Соответственно, отказ от добровольной секуляризации — это суверенизация Турции, демонстрация её выхода из-под контроля внешних центров. Что не всегда хорошо — возврат к имперской политике вряд ли по силам Турции и способен увеличить напряжённость в регионе Ближнего Востока. Но логика Эрдогана, который пытается стать новым султаном, понятна. Отвержение кемализма — отказ от политической слабости и зависимости Турции.
Какой же вывод из вышеизложенного можем сделать мы? Мы-то победили в XX веке. Выразим сочувствие побеждённым народам — их история не про нас. Но так ли это? Россия в 1918 году добровольно возложила на себя бремя Брестского мира. И до сих пор выполняет его — в одностороннем порядке.
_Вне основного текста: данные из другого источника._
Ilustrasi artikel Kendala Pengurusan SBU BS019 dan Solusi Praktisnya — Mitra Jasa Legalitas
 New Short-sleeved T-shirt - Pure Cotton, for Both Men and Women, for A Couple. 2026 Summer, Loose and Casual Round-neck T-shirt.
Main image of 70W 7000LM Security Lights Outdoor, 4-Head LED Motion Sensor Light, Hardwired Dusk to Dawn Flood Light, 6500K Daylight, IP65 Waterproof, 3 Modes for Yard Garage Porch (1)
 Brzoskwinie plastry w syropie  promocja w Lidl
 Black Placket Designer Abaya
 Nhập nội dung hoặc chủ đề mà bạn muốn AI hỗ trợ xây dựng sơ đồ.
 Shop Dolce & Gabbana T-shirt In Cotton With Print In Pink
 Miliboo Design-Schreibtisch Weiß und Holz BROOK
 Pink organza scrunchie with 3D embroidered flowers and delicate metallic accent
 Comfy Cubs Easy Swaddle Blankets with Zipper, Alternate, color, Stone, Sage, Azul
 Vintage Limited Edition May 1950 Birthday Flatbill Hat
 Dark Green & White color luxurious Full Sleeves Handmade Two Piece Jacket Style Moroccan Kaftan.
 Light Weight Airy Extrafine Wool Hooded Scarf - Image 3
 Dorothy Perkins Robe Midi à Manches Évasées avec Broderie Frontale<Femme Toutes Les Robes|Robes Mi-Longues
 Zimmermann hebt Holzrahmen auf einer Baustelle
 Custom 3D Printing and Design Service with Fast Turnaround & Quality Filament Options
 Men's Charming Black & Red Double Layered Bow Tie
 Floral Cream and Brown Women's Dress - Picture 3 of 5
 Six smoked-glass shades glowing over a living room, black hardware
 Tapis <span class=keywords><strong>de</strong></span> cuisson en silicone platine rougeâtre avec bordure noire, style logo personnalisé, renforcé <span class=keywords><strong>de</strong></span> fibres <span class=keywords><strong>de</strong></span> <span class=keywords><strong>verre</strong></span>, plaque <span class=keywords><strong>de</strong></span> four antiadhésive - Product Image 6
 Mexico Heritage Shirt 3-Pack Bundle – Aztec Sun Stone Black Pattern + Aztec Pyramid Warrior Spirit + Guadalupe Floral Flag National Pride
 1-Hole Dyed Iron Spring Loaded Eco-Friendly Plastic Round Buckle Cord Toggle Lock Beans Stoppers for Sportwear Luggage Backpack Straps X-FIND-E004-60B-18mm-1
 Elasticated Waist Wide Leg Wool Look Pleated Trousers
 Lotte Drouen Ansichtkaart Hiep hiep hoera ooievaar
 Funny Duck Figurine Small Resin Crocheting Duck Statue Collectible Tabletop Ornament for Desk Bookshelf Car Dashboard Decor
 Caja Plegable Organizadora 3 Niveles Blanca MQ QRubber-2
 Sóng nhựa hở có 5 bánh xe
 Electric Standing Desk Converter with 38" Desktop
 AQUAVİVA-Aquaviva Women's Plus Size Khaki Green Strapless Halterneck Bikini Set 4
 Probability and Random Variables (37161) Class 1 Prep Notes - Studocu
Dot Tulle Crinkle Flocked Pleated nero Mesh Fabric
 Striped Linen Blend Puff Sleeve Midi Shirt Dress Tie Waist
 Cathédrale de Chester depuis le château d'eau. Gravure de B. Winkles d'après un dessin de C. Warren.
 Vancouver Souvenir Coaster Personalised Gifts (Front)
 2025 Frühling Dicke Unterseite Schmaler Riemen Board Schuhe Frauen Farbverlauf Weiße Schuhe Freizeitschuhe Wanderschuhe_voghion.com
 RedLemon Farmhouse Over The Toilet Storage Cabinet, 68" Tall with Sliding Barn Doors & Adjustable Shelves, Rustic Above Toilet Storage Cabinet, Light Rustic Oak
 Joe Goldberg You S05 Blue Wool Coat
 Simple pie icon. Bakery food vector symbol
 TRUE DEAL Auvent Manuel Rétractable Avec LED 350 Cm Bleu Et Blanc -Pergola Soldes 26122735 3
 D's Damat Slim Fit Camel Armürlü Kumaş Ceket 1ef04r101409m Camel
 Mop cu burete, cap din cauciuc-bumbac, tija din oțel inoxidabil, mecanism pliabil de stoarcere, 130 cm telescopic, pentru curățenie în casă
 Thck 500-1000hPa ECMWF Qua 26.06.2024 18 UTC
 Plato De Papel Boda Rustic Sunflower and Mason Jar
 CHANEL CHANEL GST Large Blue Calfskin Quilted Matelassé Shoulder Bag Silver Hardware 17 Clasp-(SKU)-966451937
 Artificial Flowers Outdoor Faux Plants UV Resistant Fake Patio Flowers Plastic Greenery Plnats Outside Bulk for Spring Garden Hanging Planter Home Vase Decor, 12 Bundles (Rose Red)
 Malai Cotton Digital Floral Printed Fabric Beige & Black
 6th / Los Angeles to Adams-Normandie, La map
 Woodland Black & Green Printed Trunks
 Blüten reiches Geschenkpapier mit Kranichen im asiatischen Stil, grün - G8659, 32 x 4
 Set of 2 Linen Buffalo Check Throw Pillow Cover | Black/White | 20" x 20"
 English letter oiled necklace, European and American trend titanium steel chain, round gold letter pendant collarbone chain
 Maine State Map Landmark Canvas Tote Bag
В самом деле, в чём смысл Брестского мира? Россия отказывалась от Прибалтики, Украины и Белоруссии, выводила войска из Финляндии. Заметим, что несмотря на денонсацию Брестского мира по приказу победившей Антанты, РСФСР и Советский Союз в дальнейшем в одностороннем порядке соблюдали его условия. В рамках СССР Украина и Белоруссия стали независимыми государствами. Настолько независимыми, что уже в 1945 году они стали самостоятельными членами ООН — роскошь, доступная только суверенным государствам. Это крайне облегчило дипломатическое признание Украины и Белоруссии при распаде СССР. Прибалтика стала независимой. Даже при включении в состав СССР прибалтийские государства сохранились в форме союзных республик. Что позволило им в дальнейшем вновь восстановить суверенитет. Заметим, что в Российской империи никаких республик не было.
Современная Россия по-прежнему исходит из Брестского мира как из реальности, не претендует на переоценку его итогов, не задаёт вопросов о правовых основаниях отделения от неё громадных территорий с десятками миллионов людей.
Значит, мы находимся в схожей ситуации с Турцией. Разница лишь в том, что турки пытаются пересмотреть наследие Ататюрка. А Россия отнюдь не претендует на пересмотр наследства Ленина.
Поэтому превращение святой Софии в мечеть — вопрос, касающийся нас не только в религиозной плоскости. Он затрагивает нас как прецедент пересмотра добровольных ограничений, наложенных в связи с поражением.
Эти ограничения тем тяжелее, что осознаются как “свои”, как результат “воли народа” и потому не рефлексируются, а исполняются. Механизм десуверенизации и раздела исторической России, заложенным Брестским миром и основанной на его результатах “ленинской национальной политики” продолжает работать.
Главный вопрос — осознают ли проблему в России, как осознали в Турции?